This morning, NPR highlighted research that black judges are reversed on appeal more than white judges.
President Obama has tried to diversify the federal judiciary by appointing more black judges, and there are currently more black judges in the federal judiciary that at any other time in history. But data shows that black federal district court judges are overturned on appeal 10 percent more often than white judges.
In 2015, Harvard Political Science Professor, Maya Sen, analyzed how often black judges were appealed between years 2000 and 2012. During that time, black judges were overruled at significantly higher rates.
In real terms, this means that between 2000 and 2012, a black federal district judge will have statistically had around 20 extra rulings overturned than if they had been white. The average number of cases authored by black judges and reversed over that period is 196.
Being overturned generally means that higher courts are questioning the legal reasoning of an opinion.
So is this phenomena really a factor of race?
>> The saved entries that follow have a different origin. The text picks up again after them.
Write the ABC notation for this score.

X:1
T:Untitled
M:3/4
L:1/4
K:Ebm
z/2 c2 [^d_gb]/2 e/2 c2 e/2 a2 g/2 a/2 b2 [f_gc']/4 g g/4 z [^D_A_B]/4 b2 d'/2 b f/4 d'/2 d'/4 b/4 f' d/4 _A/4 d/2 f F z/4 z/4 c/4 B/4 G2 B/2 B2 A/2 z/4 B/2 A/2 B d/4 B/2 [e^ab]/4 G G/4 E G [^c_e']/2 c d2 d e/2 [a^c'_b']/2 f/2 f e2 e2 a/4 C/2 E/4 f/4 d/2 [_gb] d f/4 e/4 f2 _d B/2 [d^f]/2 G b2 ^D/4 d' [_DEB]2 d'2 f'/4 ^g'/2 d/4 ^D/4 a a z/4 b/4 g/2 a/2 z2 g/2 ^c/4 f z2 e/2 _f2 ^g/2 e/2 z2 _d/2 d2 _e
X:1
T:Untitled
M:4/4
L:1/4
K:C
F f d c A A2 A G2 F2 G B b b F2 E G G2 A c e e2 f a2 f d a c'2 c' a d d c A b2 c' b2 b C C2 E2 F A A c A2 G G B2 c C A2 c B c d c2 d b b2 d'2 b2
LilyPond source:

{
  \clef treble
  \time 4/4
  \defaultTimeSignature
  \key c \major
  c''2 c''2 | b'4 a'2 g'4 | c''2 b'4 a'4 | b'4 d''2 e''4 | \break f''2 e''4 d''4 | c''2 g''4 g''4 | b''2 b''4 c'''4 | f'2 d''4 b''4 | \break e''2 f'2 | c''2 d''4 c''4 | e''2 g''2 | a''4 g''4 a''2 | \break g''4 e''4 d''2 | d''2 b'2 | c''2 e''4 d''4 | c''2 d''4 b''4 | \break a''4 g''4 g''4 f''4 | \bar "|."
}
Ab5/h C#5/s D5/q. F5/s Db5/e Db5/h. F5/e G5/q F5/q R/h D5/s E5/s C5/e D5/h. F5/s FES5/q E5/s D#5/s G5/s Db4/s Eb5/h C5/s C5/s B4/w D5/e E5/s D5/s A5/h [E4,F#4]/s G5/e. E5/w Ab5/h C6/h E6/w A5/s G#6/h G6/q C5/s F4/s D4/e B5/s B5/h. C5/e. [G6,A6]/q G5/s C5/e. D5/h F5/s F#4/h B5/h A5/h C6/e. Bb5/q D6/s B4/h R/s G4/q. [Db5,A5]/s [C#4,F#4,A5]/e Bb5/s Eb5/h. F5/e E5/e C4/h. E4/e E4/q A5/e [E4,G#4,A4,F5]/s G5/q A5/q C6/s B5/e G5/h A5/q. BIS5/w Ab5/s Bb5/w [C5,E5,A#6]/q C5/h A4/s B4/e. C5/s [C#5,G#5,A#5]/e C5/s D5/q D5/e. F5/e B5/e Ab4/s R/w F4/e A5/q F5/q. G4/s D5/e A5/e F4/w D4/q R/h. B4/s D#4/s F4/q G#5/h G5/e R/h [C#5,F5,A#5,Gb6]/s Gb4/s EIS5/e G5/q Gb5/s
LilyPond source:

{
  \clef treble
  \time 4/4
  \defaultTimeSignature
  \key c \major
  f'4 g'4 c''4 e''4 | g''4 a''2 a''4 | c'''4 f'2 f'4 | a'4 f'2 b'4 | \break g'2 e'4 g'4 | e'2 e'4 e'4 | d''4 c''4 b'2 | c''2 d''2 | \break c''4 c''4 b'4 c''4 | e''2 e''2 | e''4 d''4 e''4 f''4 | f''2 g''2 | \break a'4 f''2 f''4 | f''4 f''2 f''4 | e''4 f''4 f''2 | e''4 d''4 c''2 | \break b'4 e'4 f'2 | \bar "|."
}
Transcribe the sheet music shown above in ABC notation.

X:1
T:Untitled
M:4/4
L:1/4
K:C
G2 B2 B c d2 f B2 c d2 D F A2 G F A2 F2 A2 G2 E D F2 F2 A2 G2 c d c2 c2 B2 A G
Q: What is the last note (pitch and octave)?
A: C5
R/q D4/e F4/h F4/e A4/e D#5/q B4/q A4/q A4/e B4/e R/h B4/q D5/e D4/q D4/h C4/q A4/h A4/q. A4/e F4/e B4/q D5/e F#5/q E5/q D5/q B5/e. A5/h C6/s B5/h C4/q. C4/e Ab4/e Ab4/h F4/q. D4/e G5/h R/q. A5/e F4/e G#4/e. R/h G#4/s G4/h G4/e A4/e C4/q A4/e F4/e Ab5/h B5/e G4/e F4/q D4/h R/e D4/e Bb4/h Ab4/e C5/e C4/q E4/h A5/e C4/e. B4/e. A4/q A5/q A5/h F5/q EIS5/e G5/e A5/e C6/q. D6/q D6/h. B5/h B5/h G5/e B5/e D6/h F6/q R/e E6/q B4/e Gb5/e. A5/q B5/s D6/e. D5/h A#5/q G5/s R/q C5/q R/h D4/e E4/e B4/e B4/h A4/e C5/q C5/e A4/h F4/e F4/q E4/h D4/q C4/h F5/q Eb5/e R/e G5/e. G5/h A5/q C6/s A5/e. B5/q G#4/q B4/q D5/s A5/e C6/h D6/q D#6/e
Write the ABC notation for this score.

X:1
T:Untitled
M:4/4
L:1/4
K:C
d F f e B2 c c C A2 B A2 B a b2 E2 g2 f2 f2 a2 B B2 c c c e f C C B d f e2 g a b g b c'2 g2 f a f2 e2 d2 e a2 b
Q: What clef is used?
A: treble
Or just a different view of law? The researchers controlled for ideological differences, and they still found a gap by race.
The researchers went on to hypothesize that it may be implicit bias at work. Implicit bias refers to subtle forms of possibly unintentional prejudice affecting judgment and social behavior. In this case, implicit bias appears to be held against black federal judges, and carried by their mostly white colleagues at the federal appellate level.
Presidents have tried to diversify the judiciary to have a broader point of view, promote public confidence, create better and richer decision making, assure that different perspectives are included, establish role models, and contradict prejudices.
As it stands, the judicial system is still overwhelmingly and disproportionately white and male, and the diversity point is being overruled by the higher courts.